Mr Ble Goude went on the run after the capture in April 2011 of ex-President Laurent Gbagbo, who had refused to accept electoral defeat and now faces war crimes charges at The Hague.
Ivory Coast then issued an arrest warrant for the pro-Gbagbo loyalist.
"I'm not running from justice... people are looking to kill me," he said.
The UN oversaw the November 2010 election and said it was won by Alassane Ouattara, who was eventually inaugurated after a four-month stand-off in which some 3,000 people were killed.
Mr Ble Goude was put under UN sanctions in 2006 accused of inciting attacks against UN personnel.
'No militia'
During the interview with the BBC World Today programme, he refused to say where he was speaking from, but confirmed he was outside Ivory Coast.
Known for his vitriolic speeches, Mr Ble Goude is alleged to have mobilised thousands of young men to join the army in the final days of the election dispute.
But he told the BBC that, as head of the Young Patriots group, he had only organised rallies and meetings and never run a militia.
"I am not chief of militia - I've never bought weapons, we went to the streets against those who had weapons, we were bare handed," he said.

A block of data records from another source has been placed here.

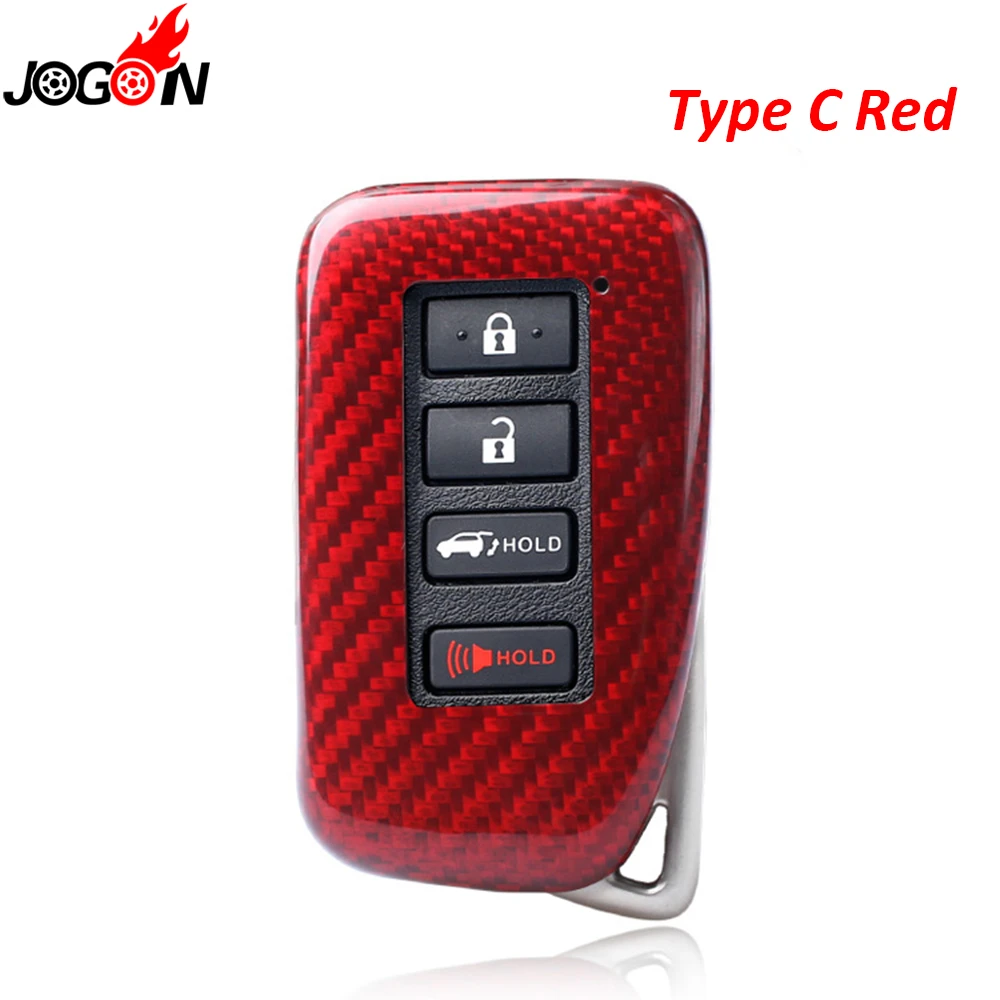 Black Red Carbon Fiber Remote Key Fob Case Shell Cover For Lexus LS430 LS460 LS600h GS300 GS350 GS430 GS450H GS460 GS200t GS250
Black Red Carbon Fiber Remote Key Fob Case Shell Cover For Lexus LS430 LS460 LS600h GS300 GS350 GS430 GS450H GS460 GS200t GS250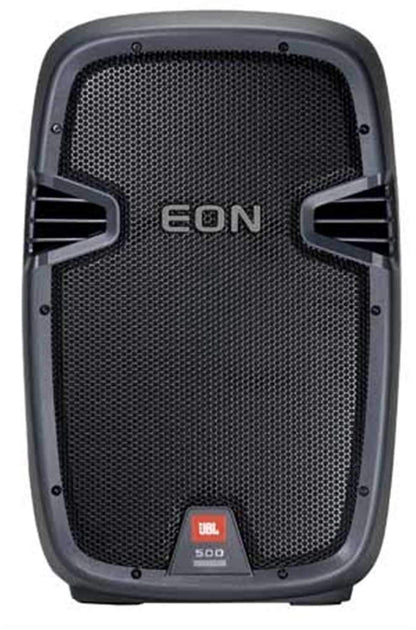 JBL EON510 280 Watt Powered 10" Portable Speaker - PSSL ProSound and Stage Lighting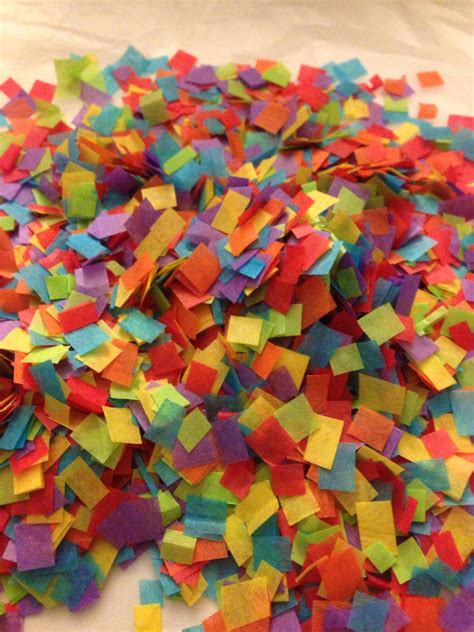 Rainbow Confetti Biodegradable Confetti Same Sex Wedding Etsy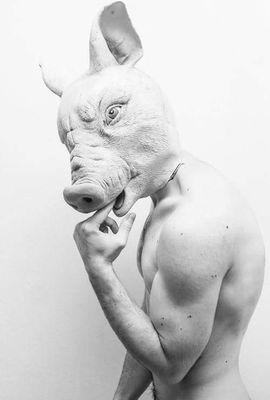 NSFW. Unattached, PrEPped pig into what I tweet. 18+/ no women. Open to local meet ups. DM welcome. Pics available.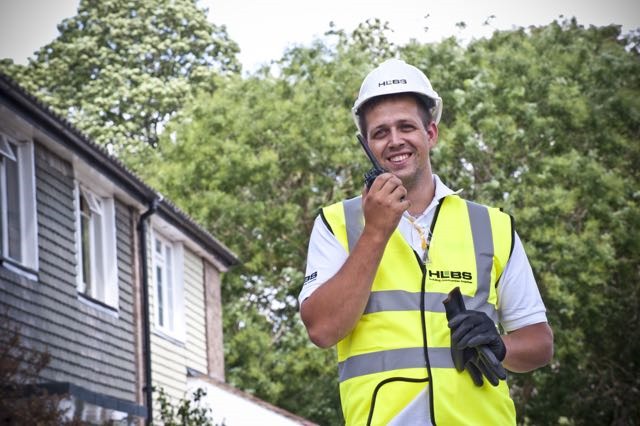 HLBS strive to give back to the local community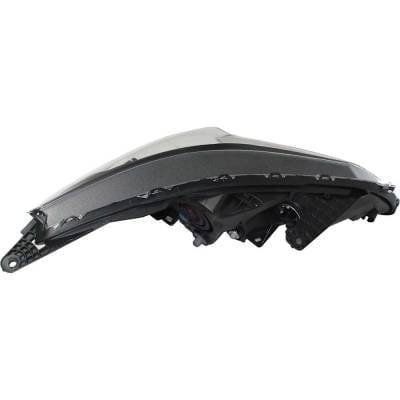 Headlight Compatible With 2014-2015 Honda Accord 2.4L 3.5L I4 K24w J35y Lfa Left Driver Side Halogen thumbnail 4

He said he was ready to go the International Criminal Court in The Hague to clear his name if that is what it took.
"I think my place is not there [at the ICC], but if my presence there can clear [up] what happened… I'm ready to do that."
Mr Ble Goude, who served as Mr Gbagbo's youth minister, said he would be prepared to go home if certain conditions were met.

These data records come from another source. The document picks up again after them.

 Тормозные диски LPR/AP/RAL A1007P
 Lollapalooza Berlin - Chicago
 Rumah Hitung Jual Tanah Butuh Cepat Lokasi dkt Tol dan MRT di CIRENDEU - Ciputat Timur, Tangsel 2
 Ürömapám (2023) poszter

"I want all the prisoners to be freed; I want all those people in exile to come back home with their dignity."
He said there would never be peace in Ivory Coast unless the different sides of the political divide learnt to live together.
"We all need to be together in that country as South Africa has done - I think we can do it," he said.
Earlier this month, the Ivorian authorities said they had foiled a plot to overthrow the government organised by pro-Gbagbo supporters which was linked to cross-border raids from Liberia.